The next big fashion we see making a statement was in the 1960s with the resurgence of counter-fashion, which was really part of broader countercultural movements happening at this time across the world - Black Panther Party.
the Black Panther Party was a political organisation, in the US, active between the mid ’60s and the early ’80s. They combined Black nationalist ideology with socialist politics, their 10-point programme included the right to defend the Black community from police brutality and advocated for access to education, housing, and also employment. The members of the Black Panther Party adopted a common uniform consisting of a black leather jacket, black pants or a miniskirt, a black beret, and also boots. The use of the colour black derived from the 1960s Black is Beautiful movement.  a celebration of the African-American body as well as a call for positive representation. 
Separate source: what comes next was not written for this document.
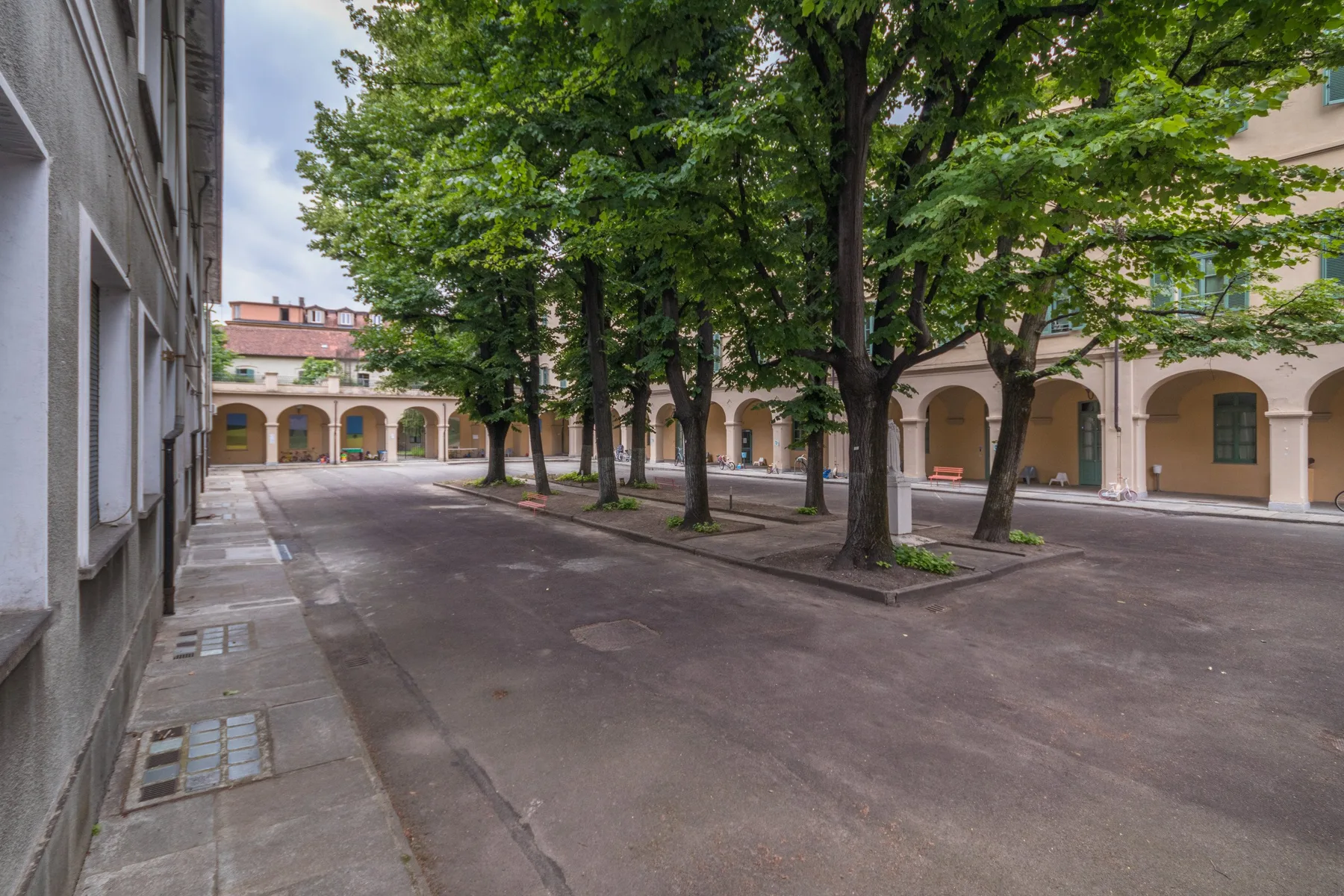 Un patio pavimentado con árboles frondosos y pasillos con arcos.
The beret references both the military uniform of the Cuban Revolutionary Che Guevara, and also the Green Berets, which is an elite military unit in the US. And one of the things that’s interesting about the Black Panther Party uniform is that, by design, any member of the community could access it, because it was all available at department stores, so it was readily available for everyone.

In the1990s we see the Tute Bianche, which was an Italian protest garment. 
The Tute Bianche were a group of Italian youths who took to the street to protest their economic and disenfranchisement. These were precarious workers, part-timers, freelancers, service-industry employees who had no retirement funds or pensions or union representation. They donned  white coveralls in reference to the blue coveralls of the old working class. They wore white, instead, to convey their ghostly status, they saw themselves as people who were forgotten by capitalism and forgotten by society at large. Over time, they added padding and wore football helmets to protect themselves against the police. And their anti-capitalist actions peaked at the G8 Summit, where one member was murdered by a police officer. 
Tute Bianche member Robert Boy said, “We’re wearing the white overalls so that other people wear it. We’re wearing the white overall so that we can take it off someday.”

 historical fashion movements that have happened in the past, can be  very inspiring for what can happen in the future.